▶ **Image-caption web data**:
▼

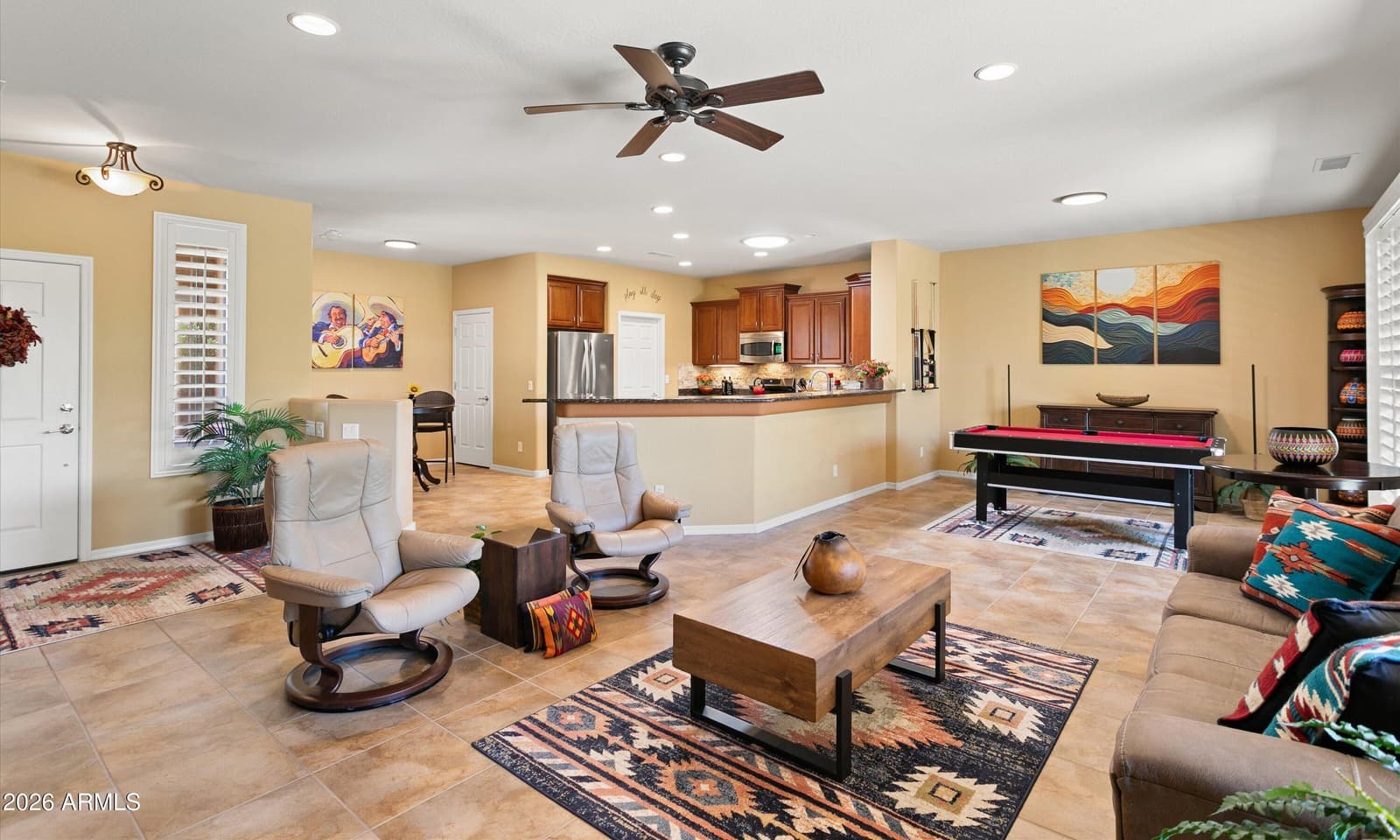 26470 W POTTER Drive, Buckeye, AZ 85396 — photo 14 of 31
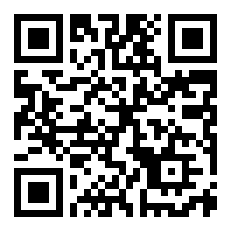 梦幻模拟战克拉蕾特值得培养吗 梦幻模拟战克拉蕾特强度解析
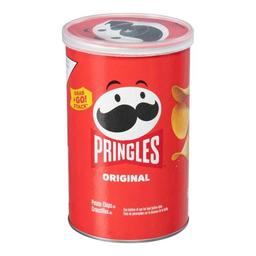 Product thumb gallery 889202663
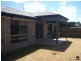 230 Pulgul Street, Urangan QLD 4655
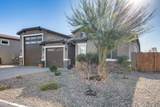 9925 Orange Grove Street - Photo 10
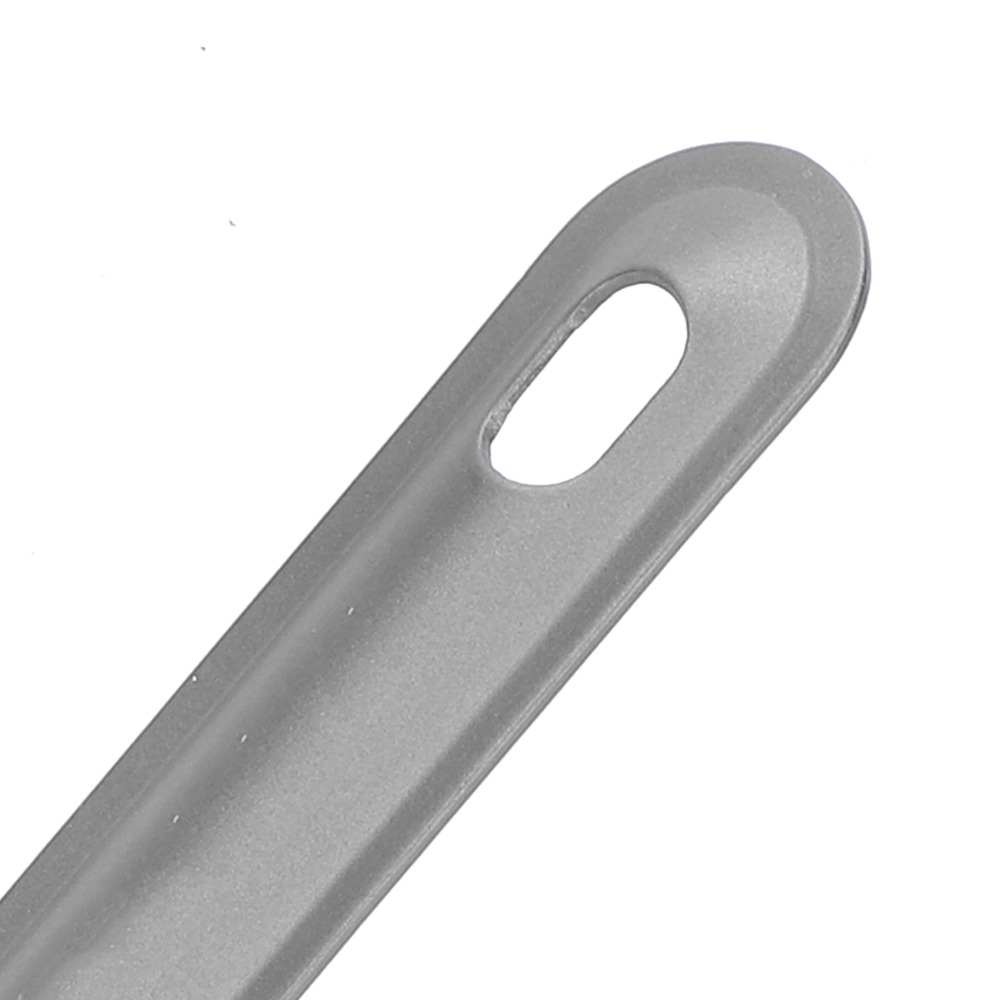 3 Pcs/Set Lightweight Titanium - огляд і ціна Camp Spork Set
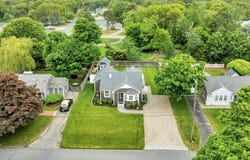 18 Rainbow Road, West Yarmouth, MA 02673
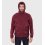 Rompeviento de hombre Metric H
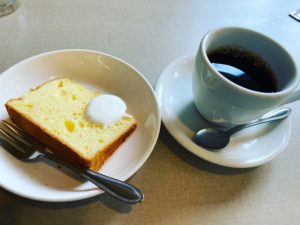 時間管理のもっと見える化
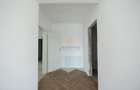Apartament 2 camere de vanzare, decomandat - zona Parc Tudor Arghezi - 3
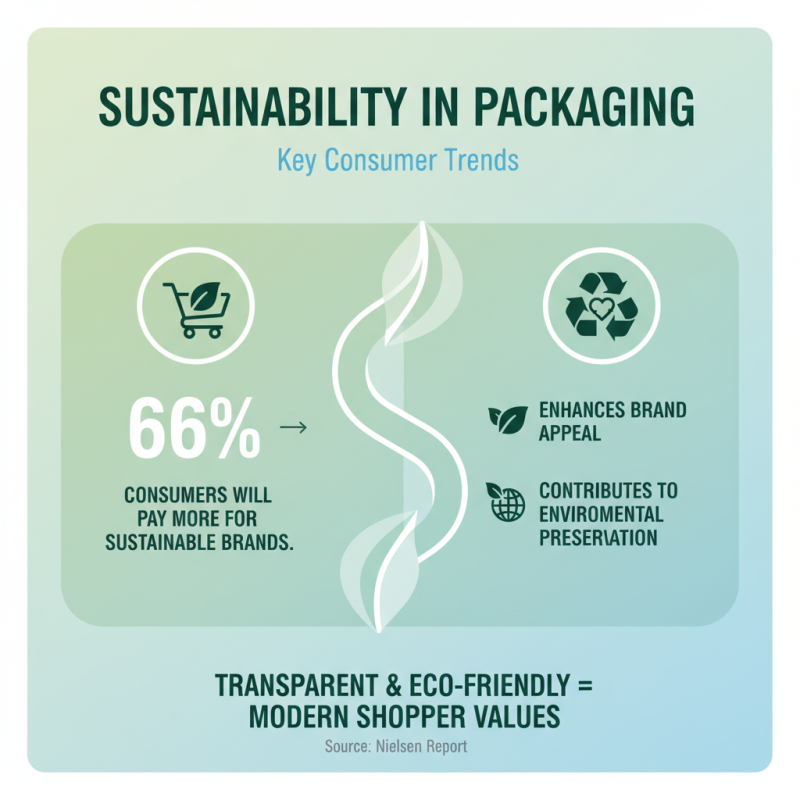 Why Business Packaging Matters for Your Brand's Success and Customer Appeal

▲

▶ **What you will do**:
Where the line with "3 Pcs/Set Lightweight" appears, begin there and transcribe exactly through the last line of the data, leaving all pictures aside.

▶ **The answer**:
 3 Pcs/Set Lightweight Titanium - огляд і ціна Camp Spork Set
 18 Rainbow Road, West Yarmouth, MA 02673
 Rompeviento de hombre Metric H
 時間管理のもっと見える化
Apartament 2 camere de vanzare, decomandat - zona Parc Tudor Arghezi - 3
 Why Business Packaging Matters for Your Brand's Success and Customer Appeal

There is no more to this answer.